>>>>

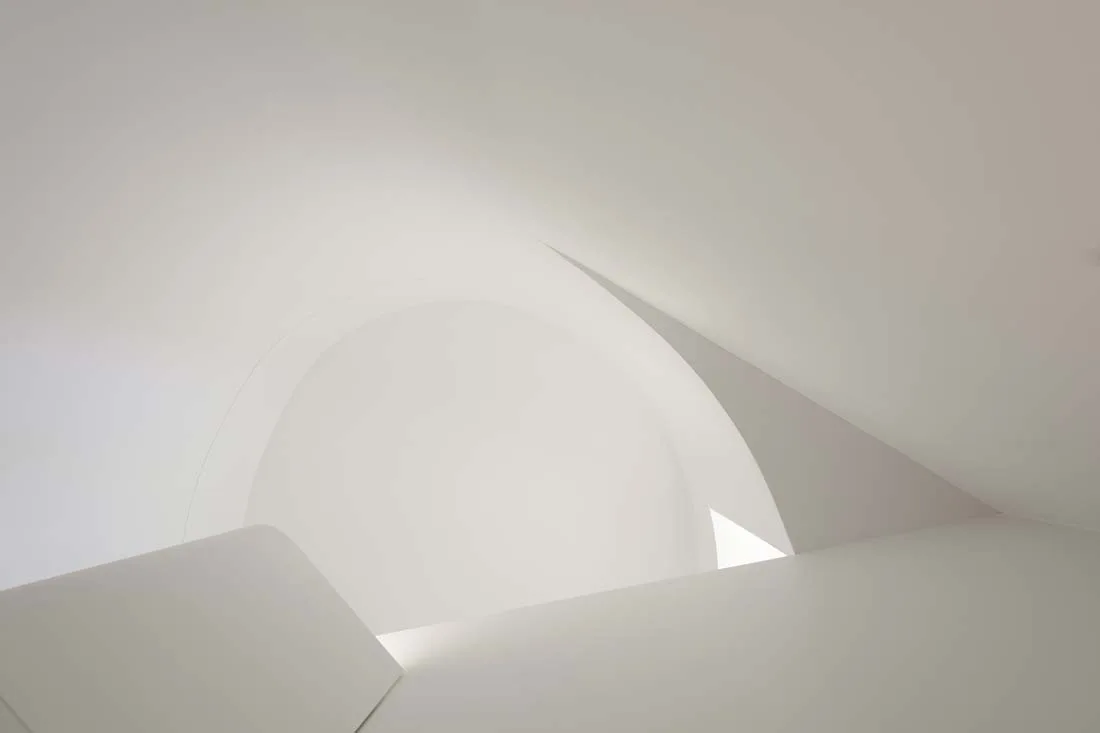 An upward view of a minimalist white interior featuring curved vaulted ceilings and clean architectural archways illuminated by soft light.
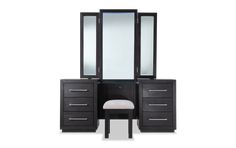 a black vanity with mirror and stool next to it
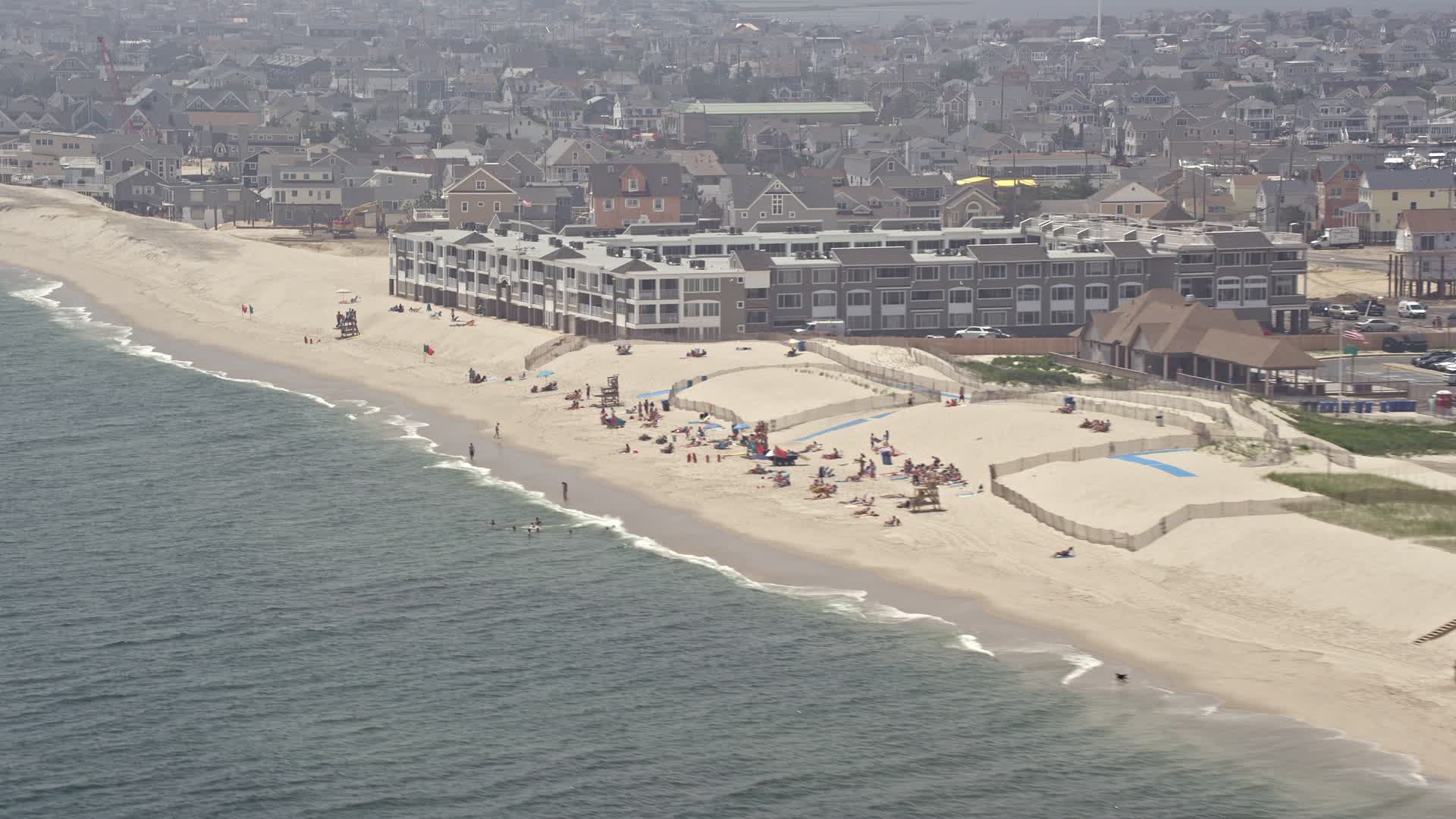 5K stock footage aerial video of sunbathers at a beach, Mantoloking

<<<<

This task calls for the listing to be restated exactly, with images omitted.

Exercise answer:
 An upward view of a minimalist white interior featuring curved vaulted ceilings and clean architectural archways illuminated by soft light.
 a black vanity with mirror and stool next to it
 5K stock footage aerial video of sunbathers at a beach, Mantoloking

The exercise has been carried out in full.